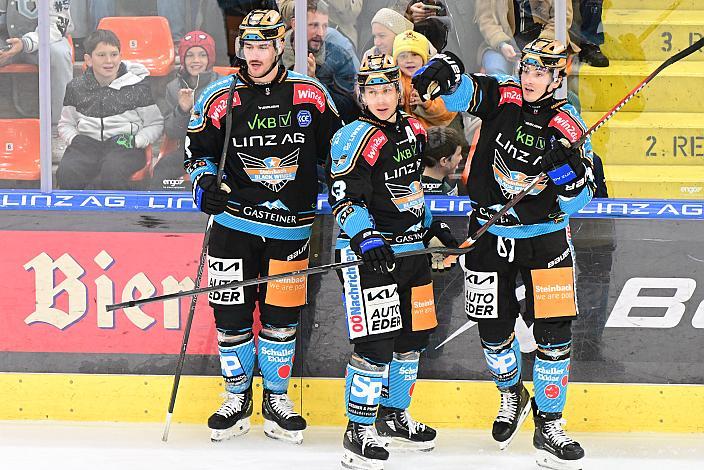 Greg Moro (Steinbach Black Wings Linz), Gerd Kragl (Steinbach Black Wings Linz) und Torschütze Luka Maver (Steinbach Black Wings Linz)  Win2Day ICE Hockey League,  Steinbach Black Wings Linz vs Moser Medical Graz 99ers,  Linz AG Eisarena 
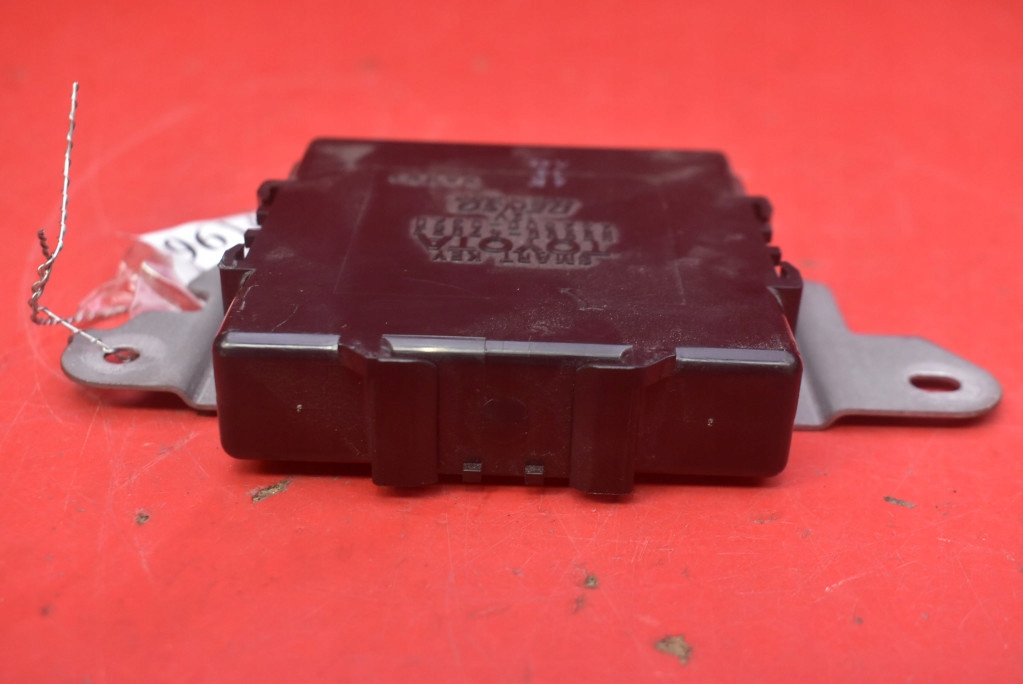 фото №6, Модуль smart key 89990-47023 232500-0072 toyota prius 2 ii xw20 1.5 vvti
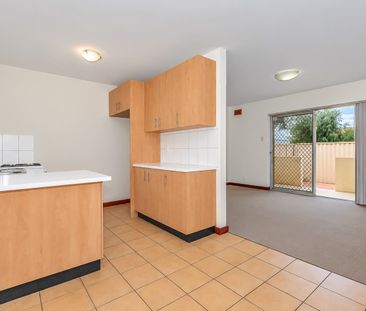 Ground Floor Apartment with a Large Courtyard! - Photo 4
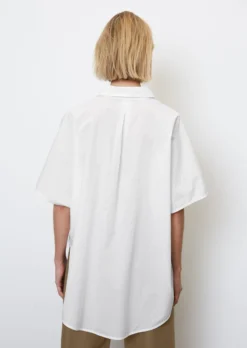 Marc O'Polo Wide Blouse In The Style Of A Cape In Paper Touch Poplin -Schlichte Eleganz 51b0dd74f6097d287446683350f79c81 scaled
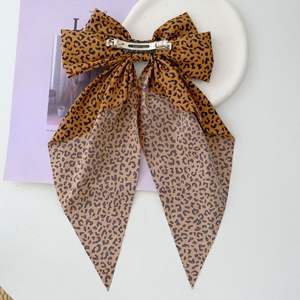 Vente en gros de barrettes à gros nœud léopard pour femmes avec ruban à longue queue Accessoires pour <span class=keywords><strong>cheveux</strong></span> - Product Image 3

**PROBLEM:**
Print out the material word for word, omitting the pictures.

**TASK RESULT:**
 Greg Moro (Steinbach Black Wings Linz), Gerd Kragl (Steinbach Black Wings Linz) und Torschütze Luka Maver (Steinbach Black Wings Linz)  Win2Day ICE Hockey League,  Steinbach Black Wings Linz vs Moser Medical Graz 99ers,  Linz AG Eisarena 
 фото №6, Модуль smart key 89990-47023 232500-0072 toyota prius 2 ii xw20 1.5 vvti
 Ground Floor Apartment with a Large Courtyard! - Photo 4
 Marc O'Polo Wide Blouse In The Style Of A Cape In Paper Touch Poplin -Schlichte Eleganz 51b0dd74f6097d287446683350f79c81 scaled
 Vente en gros de barrettes à gros nœud léopard pour femmes avec ruban à longue queue Accessoires pour <span class=keywords><strong>cheveux</strong></span> - Product Image 3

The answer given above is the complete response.